* _Exercise brief_
Once you find the line below that has "Two wine bottles", output it and every line after it exactly, stopping after the line that has "rear view of", with no pictures.

* _Records to use_
'''

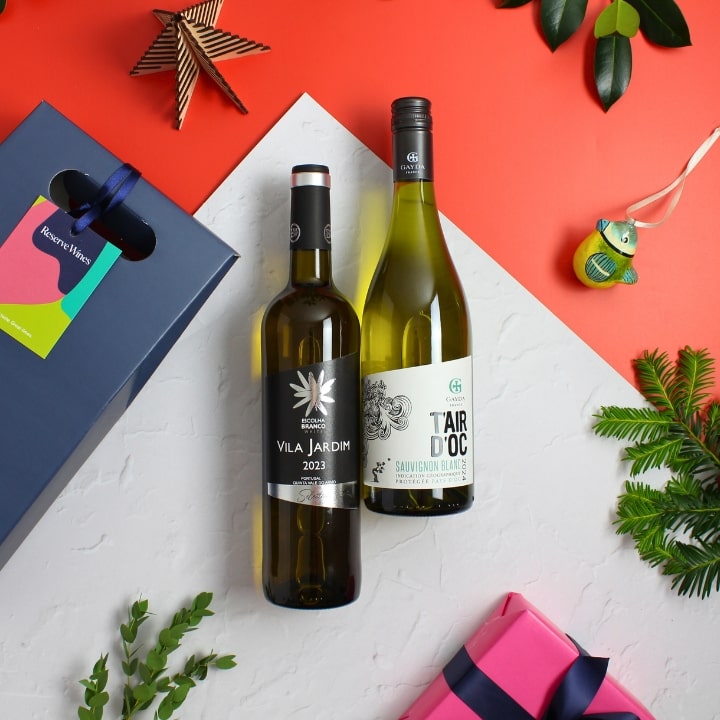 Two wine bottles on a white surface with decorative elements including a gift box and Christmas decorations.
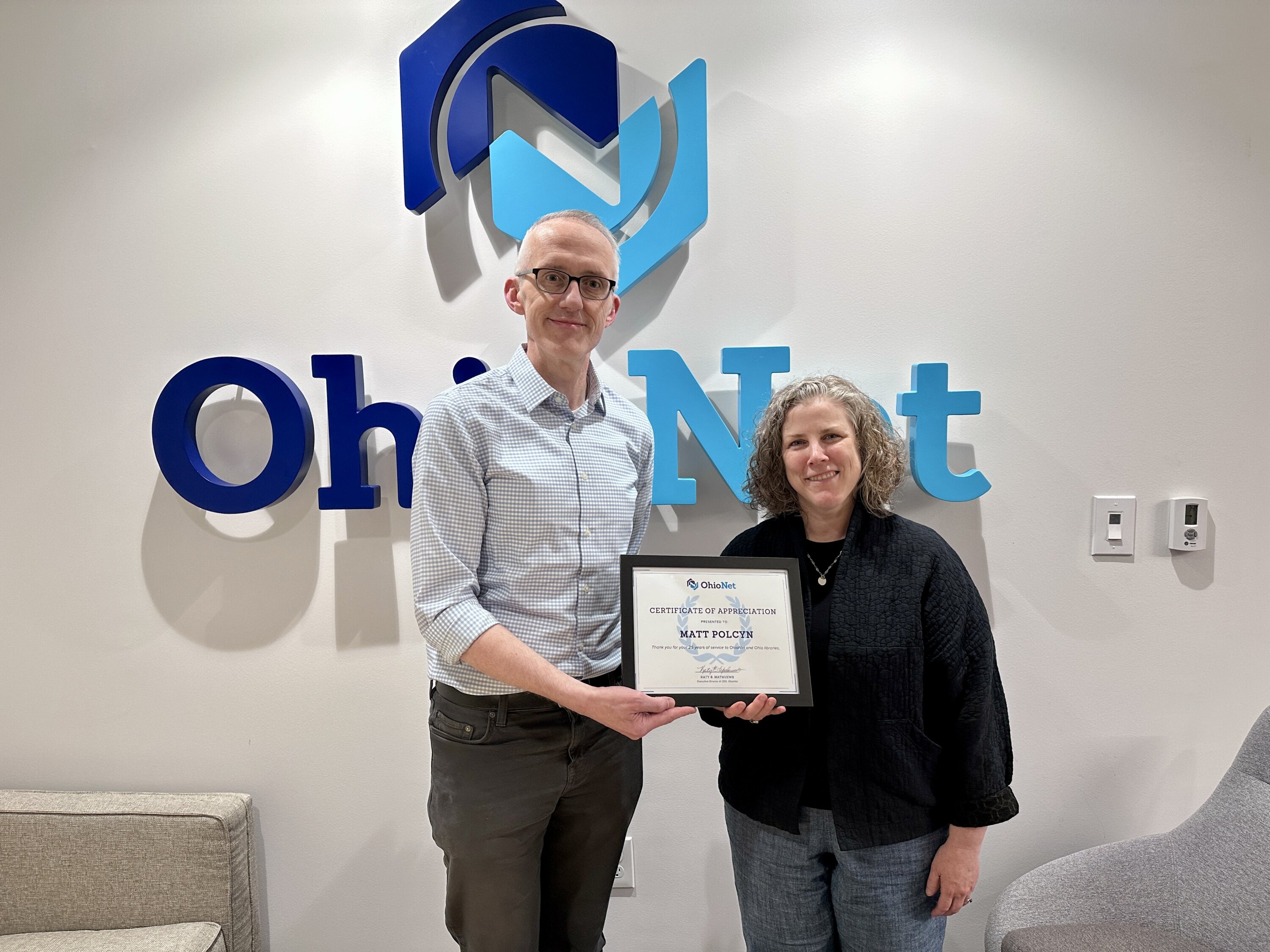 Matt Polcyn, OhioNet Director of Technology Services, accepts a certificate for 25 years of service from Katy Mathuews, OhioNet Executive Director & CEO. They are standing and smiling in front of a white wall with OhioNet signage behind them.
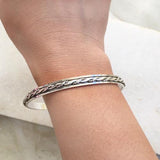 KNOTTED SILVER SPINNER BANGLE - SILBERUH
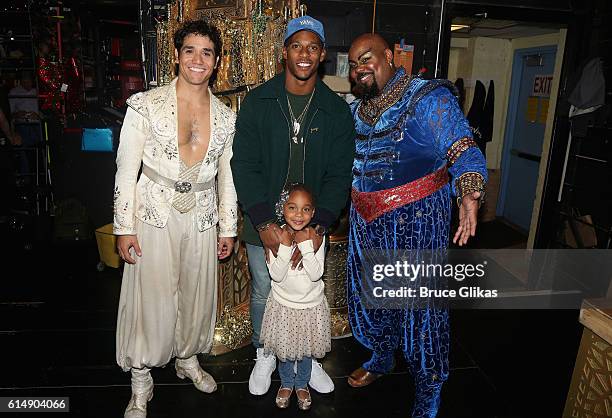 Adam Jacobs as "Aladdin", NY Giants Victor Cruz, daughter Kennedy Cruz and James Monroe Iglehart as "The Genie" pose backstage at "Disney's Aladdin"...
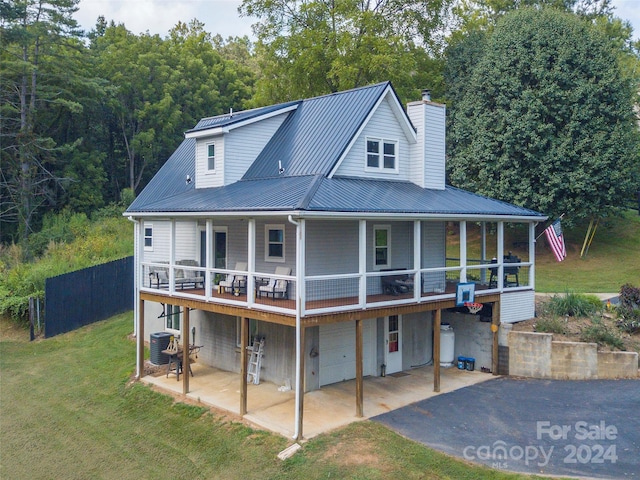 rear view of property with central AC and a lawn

'''
'''

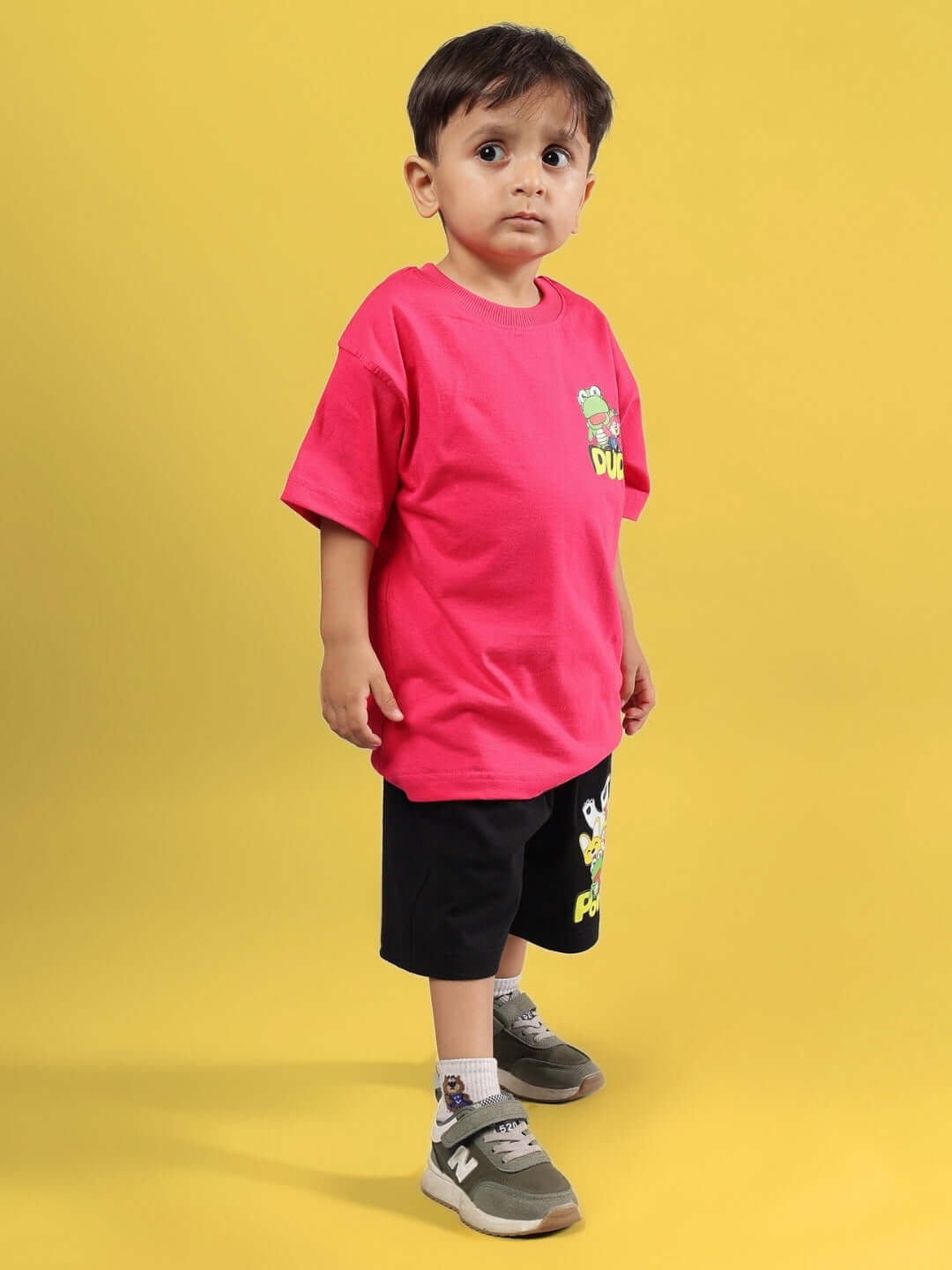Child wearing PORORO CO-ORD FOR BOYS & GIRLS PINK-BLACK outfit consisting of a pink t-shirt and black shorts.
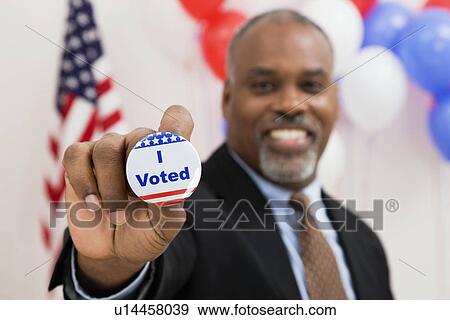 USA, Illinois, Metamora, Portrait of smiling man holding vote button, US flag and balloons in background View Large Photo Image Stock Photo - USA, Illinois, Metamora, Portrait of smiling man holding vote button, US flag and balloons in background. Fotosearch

'''

* _Output for this task_
 Two wine bottles on a white surface with decorative elements including a gift box and Christmas decorations.
 Matt Polcyn, OhioNet Director of Technology Services, accepts a certificate for 25 years of service from Katy Mathuews, OhioNet Executive Director & CEO. They are standing and smiling in front of a white wall with OhioNet signage behind them.
 KNOTTED SILVER SPINNER BANGLE - SILBERUH
 Adam Jacobs as "Aladdin", NY Giants Victor Cruz, daughter Kennedy Cruz and James Monroe Iglehart as "The Genie" pose backstage at "Disney's Aladdin"...
 rear view of property with central AC and a lawn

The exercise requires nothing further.